There seems to be a lot of resources on youth ministry websites that provide youth workers with practical ideas and effective ways to inspire, encourage, and equip parents in your ministry. So I want to suggest something that probably won’t be on a list of 10 things you can do to help the parents of the youth you minister to.
Here it is: Make sure you have a parent prophet in your faith community to tell parents the truth about parenting adolescents. It will probably need to be someone other than you, the youth pastor. If you are a 25-year-old youth worker without children, it is impossible to be the truth teller concerning parenting. Until you’ve experienced parenting (especially parenting of an adolescent), it is wise to have another pastor, parent, adult youth leader, or all of the above serve in the role of speaking truth to Christian parents in your faith community. If you aren’t old enough to serve in this role, you can definitely provide resources, information, and content to your parent prophet(s). The prophetic message that needs to be heard by parents is sometimes one of encouragement and sometimes one of exhortation.

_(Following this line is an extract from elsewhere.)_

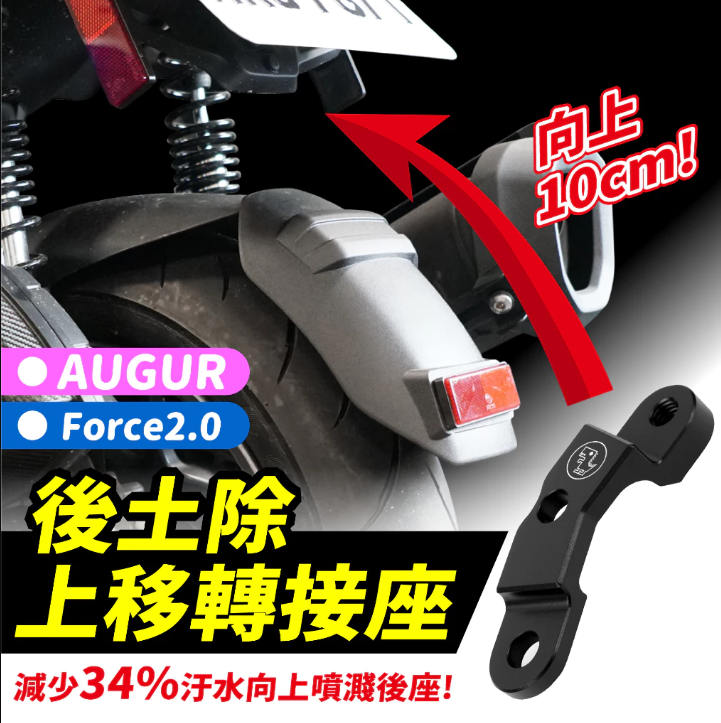 【Gozilla】YAMAHA AUGUR FORCE 2.0 後土除上移轉接座 擋泥板 終結原廠污水上噴 拯救後背泥濘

As Vicki and I began our family back in the early '80s, we were firmly entrenched in a Christian culture that held the view that spiritual marriage relationships would be perfect if you put God first (you won't even argue or disagree with one another), and as long as you follow the rule book, you will also raise perfect kids who will never wander from faith in Jesus Christ.
Our culture overall and our church cultures specifically have created an unrealistic expectation that parents have a responsibility to raise perfect kids. Even if we could produce the perfect kid by the cultural standards of academic achievement, moral excellence, economic success, and productive citizenship, this certainly doesn’t mean we have nurtured and shaped disciples of Jesus Christ.
Too often Christian parents are made to believe that if they follow a specific formula, they are sure to raise spiritual giants. If you don’t raise a spiritual giant, well, it’s because you aren’t a spiritual parent, so goes the logic. This view of Christian parenting is a lie and is not consistent with Scripture. Too many Christian parents live in insecurity and shame over what is perceived as their inability to serve as guides for the spiritual formation of their children. We were not made to parent alone without the help of a community of people committed to being the people of God.
While I believe that we parents have a crucial role in the Christian formation of our kids, we have taken on too much responsibility with the idea that we are the ones who transform them. We resort to desperate tactics and rules we hope will somehow turn them into the kind of young adults who believe and do the right things. We often overlook the role we have of nurturing the environments where God’s Spirit transforms them.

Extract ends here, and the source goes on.